● Problem requirements
Repeat the listing that follows character for character, omitting images.

● The data
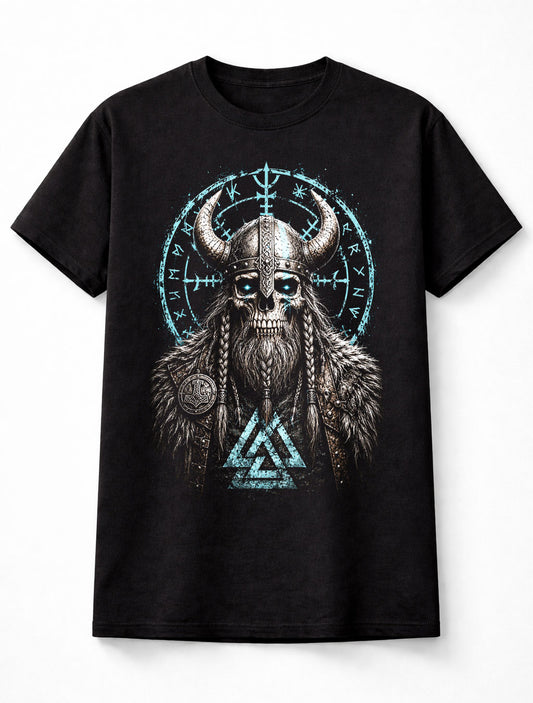 Viking Skull Norse Warrior Valknut Runes Odin Unisex T-Shirt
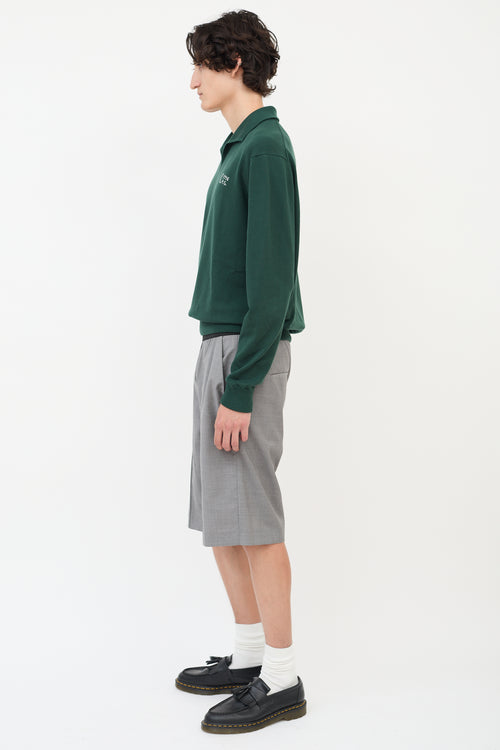 Acne Studios Green Wool Embroidered Collared Sweater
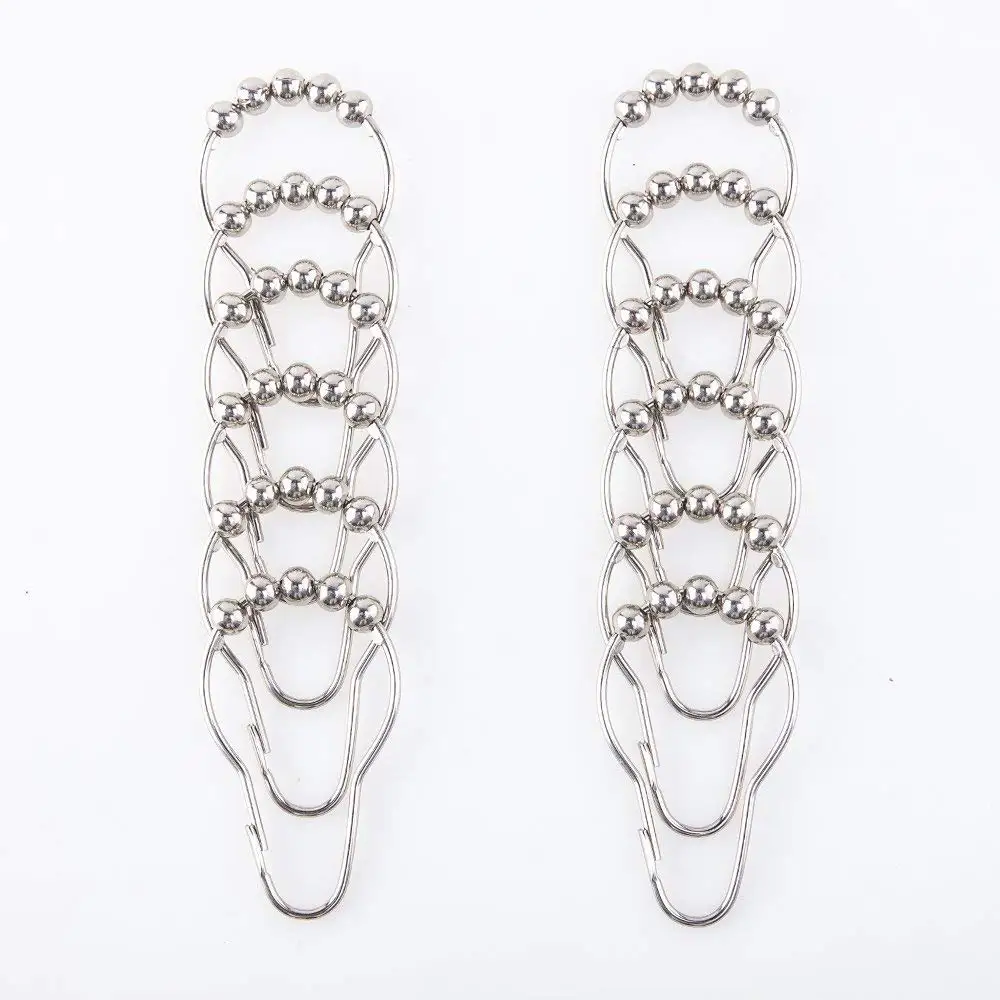 

Shower Curtain Hooks Rings, Stainless Steel Shower Curtain Rings and Hooks for Bathroom Shower Rods Curtains-Set of 12-Polished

● Finished exercise
 Viking Skull Norse Warrior Valknut Runes Odin Unisex T-Shirt
 Acne Studios Green Wool Embroidered Collared Sweater

Shower Curtain Hooks Rings, Stainless Steel Shower Curtain Rings and Hooks for Bathroom Shower Rods Curtains-Set of 12-Polished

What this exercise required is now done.